Out with the old, this is the new
No dish quite represents a new year like a quiche.
Take six eggs, cream, leftover turkey, greedily-bought slices of bacon, threatening-to-wilt herbs, left-on-the-shelf aged cheddar and mix them up in a big, shiny bowl. Then throw in a little bit of the poorly-rationed yogurt your box of muesli deserted, a little nutmeg that's lasted you the entire year, and the watercress from the salad your ambition licked but gut could not consume, and bake the convergent mixture in the hammock of the shortcrust pastry you had as a back-up in the freezer.
This deep dish really is an excuse - a perfectly efficient one - to exercise (and excise) the past months' (for some, past year's) memories, while cleaning out the old (fridge) and satisfying aromatic and gastric cravings.

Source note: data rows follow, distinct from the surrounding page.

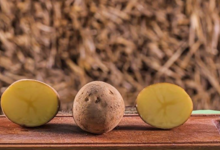 La ferme du Goubet, Pommes de terres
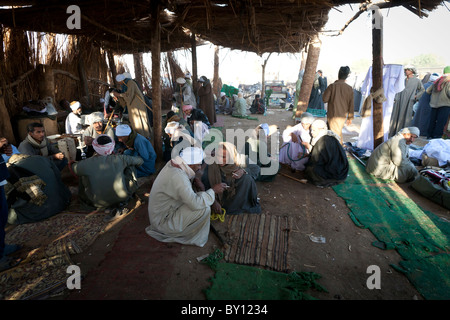 Men relaxing, talking, smoking and tea drinking in a shelter at Luxor Camel Market Egypt Africa Stock Photo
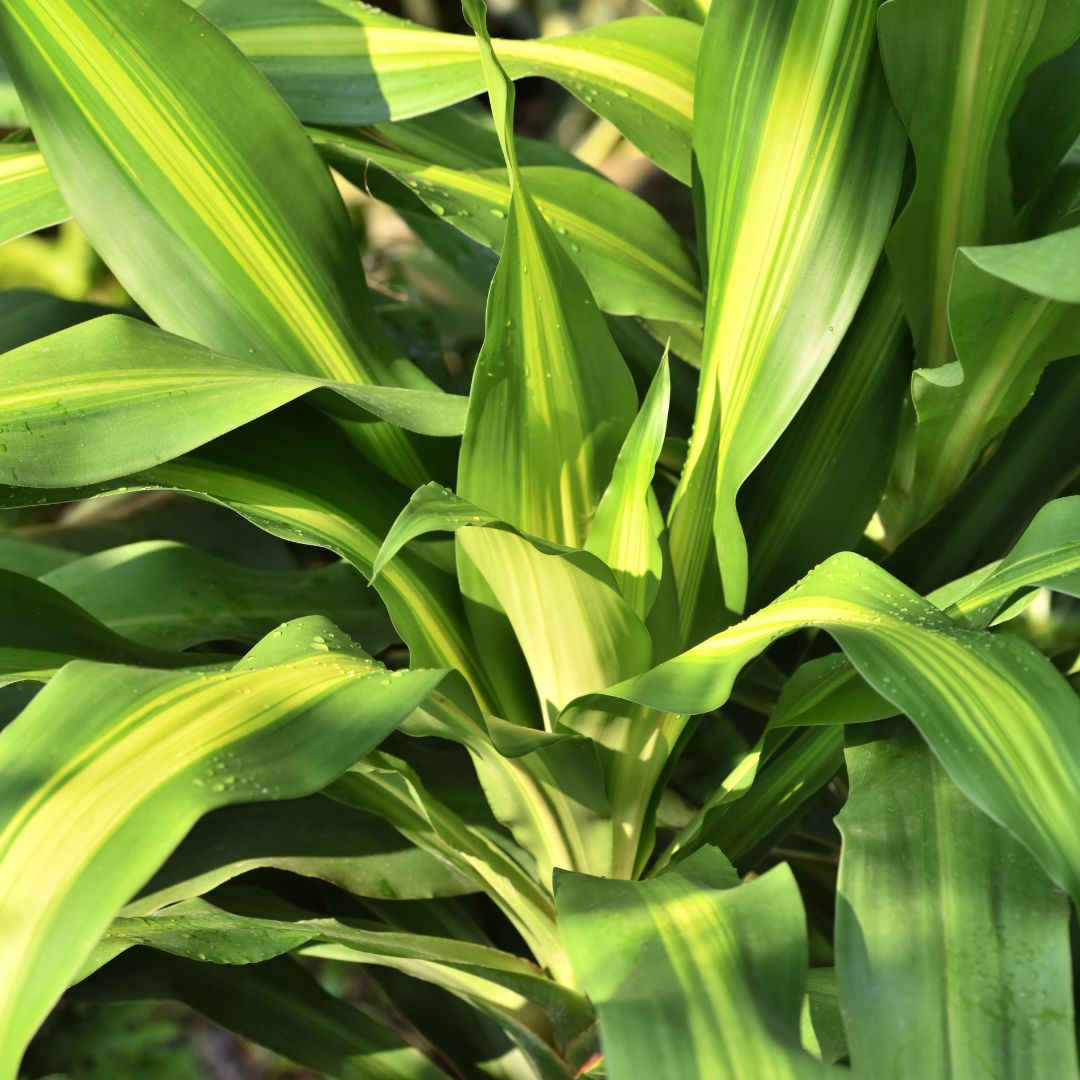 dracaena deremensis janet craig Janet Craig (Dracaena deremensis) – The Balcony Garden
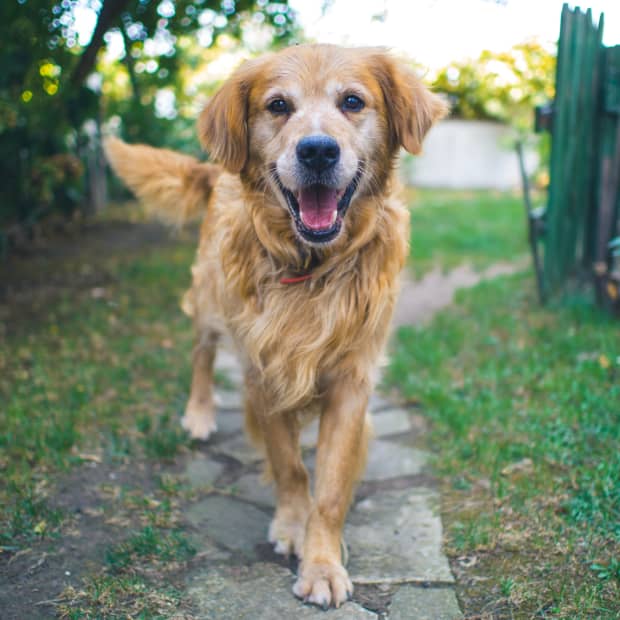 the-golden-retriever-friendly-affectionate-and-highly-intelligent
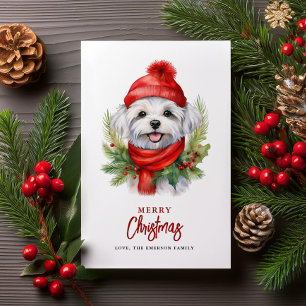 Watercolor Christmas Maltese Dog Holiday Card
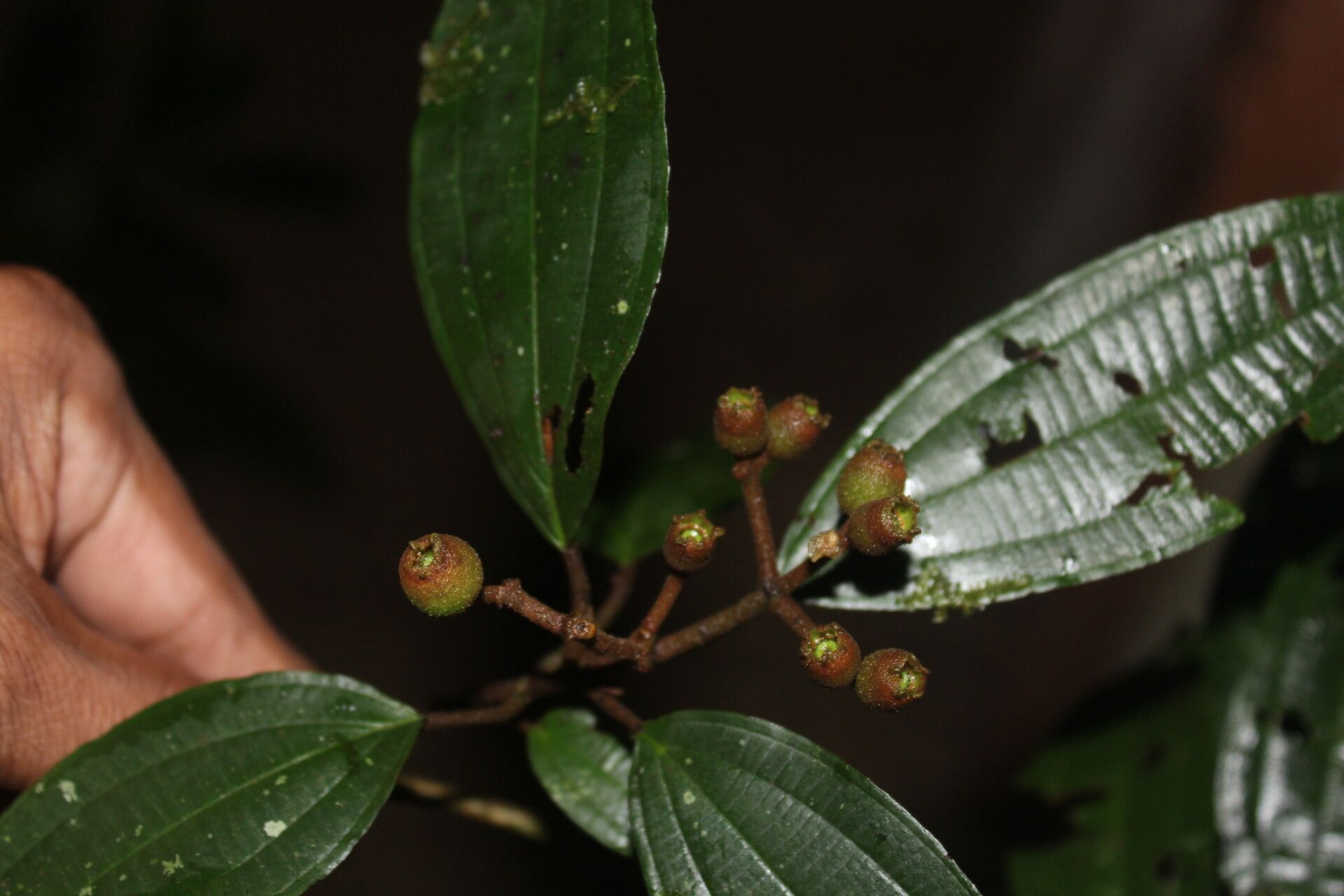 Miconia incurva leaf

There was that jar of Dijon mustard that was the accompaniment to a heartbreaking picnic; the fondant that was over the top for the homemade wedding cake; miso used to gussy up a farewell and a homecoming meal; the loving bottle of spiked jam that traveled 7074 kilometres; hot sauce that we were all at once obsessed with...
Some memories we kept; some we tossed; the ones we could salvage to transform into brand new form, we did.
A quiche in the oven makes the new year smell good.